Things to make sure of when choosing your distributed storage:
1) are you _really_ sure you need it distributed, or can you shard it your self? (hint, distributed anything sucks at least one if not two innovation tokens, if you're using other innovation tokens as well. you're going to have a very bad time)
2) do you need to modify blobs, or can you get away with read/modify/replace? (s3 doesn't support partial writes, one bit change requires the whole file to be re-written)
3) whats your ratio of reads to writes (do you need local caches or local pools in gpfs parlance)
4) How much are you going to change the metadata (if theres posix somewhere, it'll be a lot)
5) Are you going to try and write to the same object at the same time in two different locations (how do you manage locking and concurrency?)

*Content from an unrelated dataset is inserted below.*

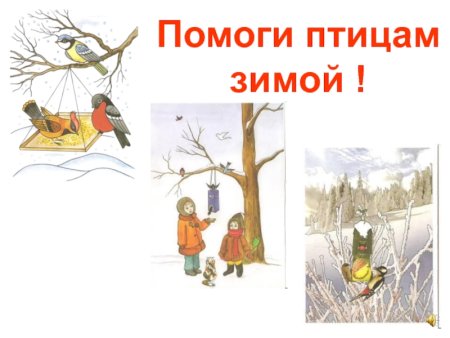 Поможем птицам зимой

6) do you care about availability, consistency or speed? (pick one, maybe one and a half)
7) how are you going to recover from the distributed storage shitting it's self all at the same time
Nowadays, a single 2u server can realistically support 2x 100gig nics at full bore. So the biggest barrier is density. You can probably get 1pb in a rack now, and linking a bunch of jbods(well NVMEs) is probably easily to do now.

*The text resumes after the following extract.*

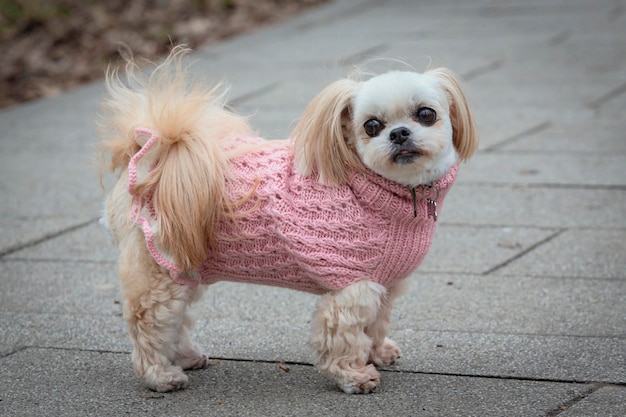 Foto un pequeño perro shih tzu está de pie en un camino en el parque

sorry I should have added a caveat of 1pb _at decent performance_
That seagate array will be fine for streaming (so long as you spread the data properly) as soon as you start mixing read/write loads on that, it'll start to chug. You can expect 70-150iops out of each drive, and thats a 60 drive array (from guess, you can get 72 drives in a 4u, but they are less maintainable, well used to be, thing might have improved recently)

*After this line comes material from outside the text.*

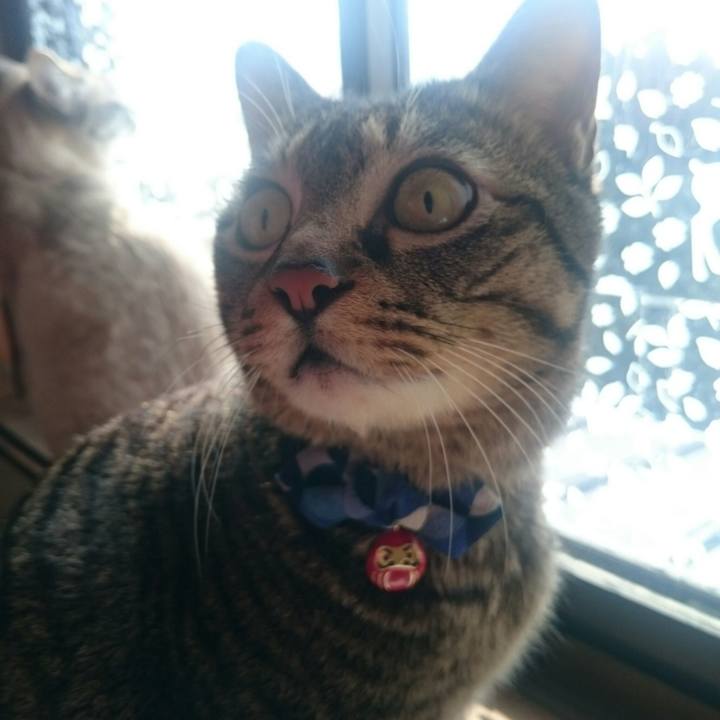 Ca3c597a fa12 4b43 9278 4a2f6ec42872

When I was using luster with ultra scisi (yes, that long ago) we had good 10-20 racks to get to 100tb, that could sustain 1gigabyte a second.
Agreed, it depends on the use case. For some "more storage" is all that matters, for others you don't want to be bottlenecked on getting it into / out of the machine or through processing.
1) are you _really_ sure you need it distributed, or can you shard it your self? (hint, distributed anything sucks at least one if not two innovation tokens, if you're using other innovation tokens as well. you're going to have a very bad time)
2) do you need to modify blobs, or can you get away with read/modify/replace? (s3 doesn't support partial writes, one bit change requires the whole file to be re-written)
3) whats your ratio of reads to writes (do you need local caches or local pools in gpfs parlance)
4) How much are you going to change the metadata (if theres posix somewhere, it'll be a lot)
5) Are you going to try and write to the same object at the same time in two different locations (how do you manage locking and concurrency?)
6) do you care about availability, consistency or speed? (pick one, maybe one and a half)
7) how are you going to recover from the distributed storage shitting it's self all at the same time
8) how are you going to control access?